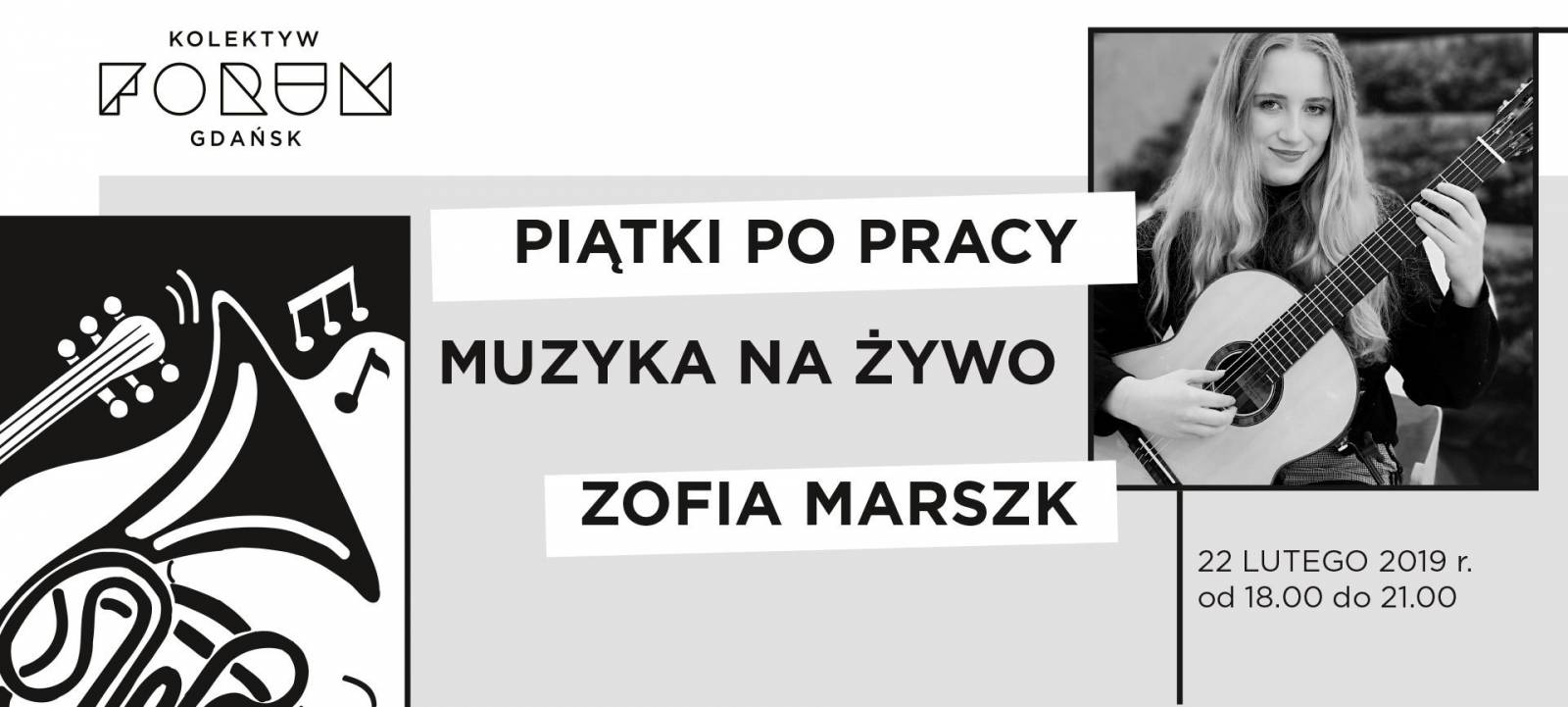 PIĄTEK PO PRACY z gitarową muzyką klasyczną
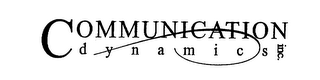 COMMUNICATION DYNAMICS INC. logo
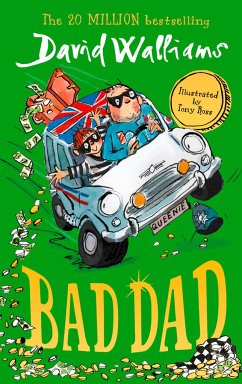 Bad Dad - Walliams, David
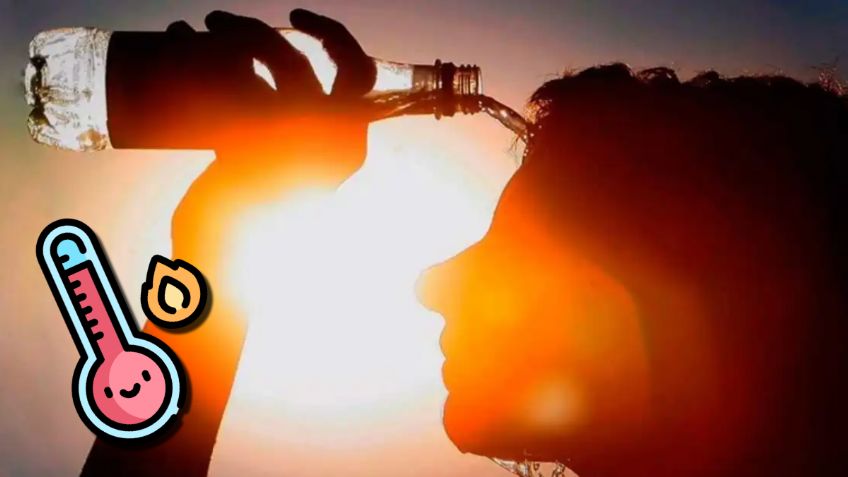 Estos 7 ESTADOS tendrán temperaturas mayores a 40 GRADOS este jueves 20 de julio | SMN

■ Task brief: Could you reproduce exactly the lines running from the one with "COMMUNICATION DYNAMICS INC. logo" through the final line of the listing above, both included, and drop the pictures?

■ Response to this exercise:
 COMMUNICATION DYNAMICS INC. logo
 Bad Dad - Walliams, David
 Estos 7 ESTADOS tendrán temperaturas mayores a 40 GRADOS este jueves 20 de julio | SMN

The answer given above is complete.